Sarah had a decision to make; a forced decision.  Not due to anything she had done, but because of how beautiful God had created her.  Abraham had enjoyed that beauty so long as it was good for him, but as soon as it became a liability, he sold her out.  Because of Abraham‘s fear and tendency to lie under pressure (it happened twice), he asked her to sacrifice herself rather than sacrificing himself.  Sarah chose to risk.  There will be risk when you put the needs of your spouse ahead of your own.

It’s Radical

Don’t hit back; discover beauty in everyone.  If you’ve got it in you, get along with everybody.  Don’t insist on getting even; that’s not for you to do.  “I’ll do the judging,” says God.  “I’ll take care of it.”   Our Scriptures tell us that if you see your enemy hungry, go buy that person lunch, or if he’s thirsty, get him a drink.  Your generosity will surprise him with goodness.  Don’t let evil get the best of you; get the best of evil by doing good. -Romans 12:17-21

We all know what Jesus is saying here, we just don’t like what it means and how it will make us look, especially when it‘s applied to marriage.

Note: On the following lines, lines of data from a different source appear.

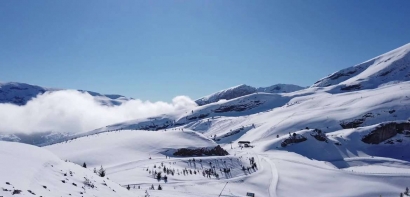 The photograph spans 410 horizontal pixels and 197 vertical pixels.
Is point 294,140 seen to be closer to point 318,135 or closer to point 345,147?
point 318,135

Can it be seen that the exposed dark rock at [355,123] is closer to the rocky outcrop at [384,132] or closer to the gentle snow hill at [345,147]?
the gentle snow hill at [345,147]

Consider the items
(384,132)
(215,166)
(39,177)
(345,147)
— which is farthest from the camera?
(384,132)

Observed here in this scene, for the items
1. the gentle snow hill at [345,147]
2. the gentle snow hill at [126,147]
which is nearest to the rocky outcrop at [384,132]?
the gentle snow hill at [345,147]

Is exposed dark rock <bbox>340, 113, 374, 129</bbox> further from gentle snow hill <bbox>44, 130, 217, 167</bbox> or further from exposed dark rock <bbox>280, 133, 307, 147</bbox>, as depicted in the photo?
gentle snow hill <bbox>44, 130, 217, 167</bbox>

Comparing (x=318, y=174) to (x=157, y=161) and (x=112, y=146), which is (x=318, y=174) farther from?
(x=112, y=146)

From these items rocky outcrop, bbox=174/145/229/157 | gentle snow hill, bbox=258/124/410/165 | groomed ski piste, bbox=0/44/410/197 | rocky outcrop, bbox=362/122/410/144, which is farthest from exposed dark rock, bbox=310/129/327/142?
rocky outcrop, bbox=174/145/229/157

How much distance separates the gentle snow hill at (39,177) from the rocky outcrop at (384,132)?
95274mm

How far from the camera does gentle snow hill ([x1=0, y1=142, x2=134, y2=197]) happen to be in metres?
15.1

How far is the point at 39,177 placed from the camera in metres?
18.0

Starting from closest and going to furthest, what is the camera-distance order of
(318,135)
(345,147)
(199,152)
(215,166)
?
(215,166), (199,152), (345,147), (318,135)

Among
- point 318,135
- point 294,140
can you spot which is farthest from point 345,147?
point 294,140

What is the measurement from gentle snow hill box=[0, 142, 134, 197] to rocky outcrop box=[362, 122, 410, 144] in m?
95.3

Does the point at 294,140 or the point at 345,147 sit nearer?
the point at 345,147

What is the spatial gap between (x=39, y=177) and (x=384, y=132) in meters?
105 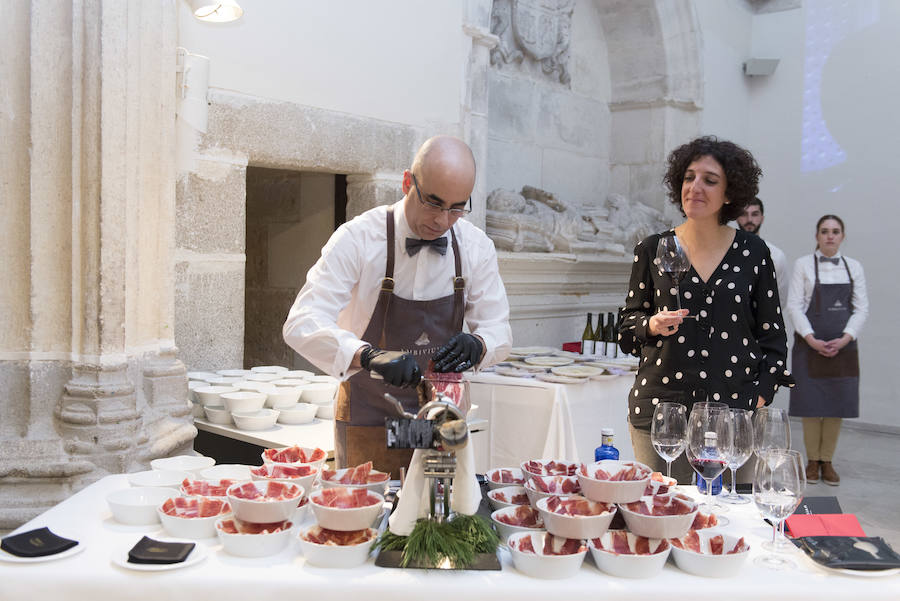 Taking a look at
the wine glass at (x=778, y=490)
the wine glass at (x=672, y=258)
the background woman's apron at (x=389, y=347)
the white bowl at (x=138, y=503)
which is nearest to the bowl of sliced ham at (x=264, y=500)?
the white bowl at (x=138, y=503)

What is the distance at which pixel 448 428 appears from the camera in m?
1.43

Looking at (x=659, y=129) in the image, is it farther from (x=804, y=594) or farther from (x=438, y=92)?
(x=804, y=594)

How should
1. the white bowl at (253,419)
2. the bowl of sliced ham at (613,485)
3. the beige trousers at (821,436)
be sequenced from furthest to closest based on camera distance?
the beige trousers at (821,436) < the white bowl at (253,419) < the bowl of sliced ham at (613,485)

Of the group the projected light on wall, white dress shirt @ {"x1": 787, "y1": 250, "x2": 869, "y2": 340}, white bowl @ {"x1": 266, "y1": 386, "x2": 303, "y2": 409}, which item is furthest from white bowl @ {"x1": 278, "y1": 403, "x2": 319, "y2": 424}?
the projected light on wall

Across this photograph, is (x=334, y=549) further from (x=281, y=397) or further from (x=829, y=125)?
(x=829, y=125)

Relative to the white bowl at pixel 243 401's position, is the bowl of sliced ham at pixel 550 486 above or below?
above

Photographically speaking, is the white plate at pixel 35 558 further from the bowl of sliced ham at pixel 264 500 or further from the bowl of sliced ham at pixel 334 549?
the bowl of sliced ham at pixel 334 549

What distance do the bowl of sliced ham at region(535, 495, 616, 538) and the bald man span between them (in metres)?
0.51

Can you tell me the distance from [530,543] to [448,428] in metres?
0.26

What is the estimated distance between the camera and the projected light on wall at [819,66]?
685 cm

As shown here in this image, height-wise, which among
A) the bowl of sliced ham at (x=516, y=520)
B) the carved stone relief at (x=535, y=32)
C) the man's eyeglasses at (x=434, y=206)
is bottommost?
the bowl of sliced ham at (x=516, y=520)

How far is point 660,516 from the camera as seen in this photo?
1472mm

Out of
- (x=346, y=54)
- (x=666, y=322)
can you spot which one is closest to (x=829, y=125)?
(x=346, y=54)

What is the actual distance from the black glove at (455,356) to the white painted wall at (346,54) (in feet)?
7.22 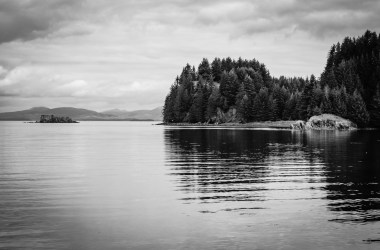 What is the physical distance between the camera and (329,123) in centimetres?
16175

A deep step will cause you to appear different from those around you.  I don’t mean you’ll look like a religious ‘geek’ or a throw-back from the 1950/60s.  There is a love that the world won’t allow but it will show up in your relationships.  It will supernaturally funnel its way through you like it did with Jesus.  Radical mercy doesn’t fight for its own rights.  Radical grace is about others, not self.  Radical love doesn’t consider how it was wronged, only about how others are going to be hurt by God’s revenge, “Father, forgive them; they don’t know what they’re doing.” -Luke 23:34.  It will look radical when consider your spouse ahead of yourself.

It’s Counter-intuitive

And when those who belonged to Him (His kinsmen) heard it, they went out to take Him by force, for they kept saying, He is out of His mind (beside Himself, deranged)!   And the scribes who came down from Jerusalem said, He is possessed by Beelzebub, and, By [the help of] the prince of demons He is casting out demons. -Mark 3:21-22

The deep you step into will feel crazy and people will back up this notion.  To your human senses it’s unpreserved and unprotected.  The ones closest to you will appeal to your sense of self-protectiveness.  People will say you are crazy and not hearing from God; but Satan.  It’s the voice of the world, not the Spirit, that says choose self.  It will feel counter-intuitive to choose your spouse over yourself.

The Outcome is Unknown

Faith is the confidence that what we hope for will actually happen; it gives us assurance about things we cannot see.  Hebrews 11:1

If we knew the outcome beforehand, we wouldn’t need faith.  The deep we step into will always be a weakness and that’s what scares us.  Like standing in a lit room when the lights go out; engulfed in darkness, there’s no way to tell what the outcome will be, only God knows.  Being blind in the natural strengthens your confidence in God.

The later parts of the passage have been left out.